Exercise details - For the material below, return exactly the lines starting at the line containing "v Компенсация (лат." and ending at the line containing "Видео: Фриланс как", both ends included, and no others.

Data provided -
▬▬▬▬▬▬

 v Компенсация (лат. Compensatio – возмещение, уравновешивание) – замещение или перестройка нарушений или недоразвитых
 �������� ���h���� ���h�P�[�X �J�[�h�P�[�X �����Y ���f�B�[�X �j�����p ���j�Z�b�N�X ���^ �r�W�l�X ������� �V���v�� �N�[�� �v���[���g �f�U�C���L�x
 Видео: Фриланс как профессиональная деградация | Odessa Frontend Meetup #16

▬▬▬▬▬▬

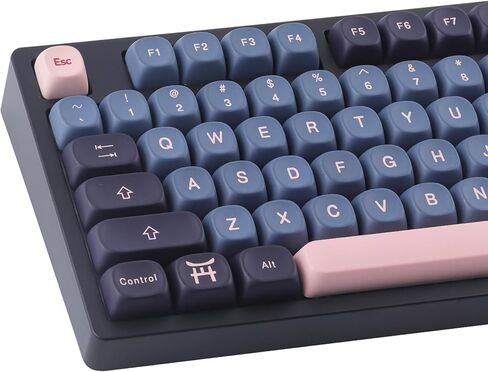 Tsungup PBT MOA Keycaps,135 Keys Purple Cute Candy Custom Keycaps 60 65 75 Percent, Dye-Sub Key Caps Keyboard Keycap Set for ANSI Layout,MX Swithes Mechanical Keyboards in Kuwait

▬▬▬▬▬▬

Response for this exercise -
 v Компенсация (лат. Compensatio – возмещение, уравновешивание) – замещение или перестройка нарушений или недоразвитых
 �������� ���h���� ���h�P�[�X �J�[�h�P�[�X �����Y ���f�B�[�X �j�����p ���j�Z�b�N�X ���^ �r�W�l�X ������� �V���v�� �N�[�� �v���[���g �f�U�C���L�x
 Видео: Фриланс как профессиональная деградация | Odessa Frontend Meetup #16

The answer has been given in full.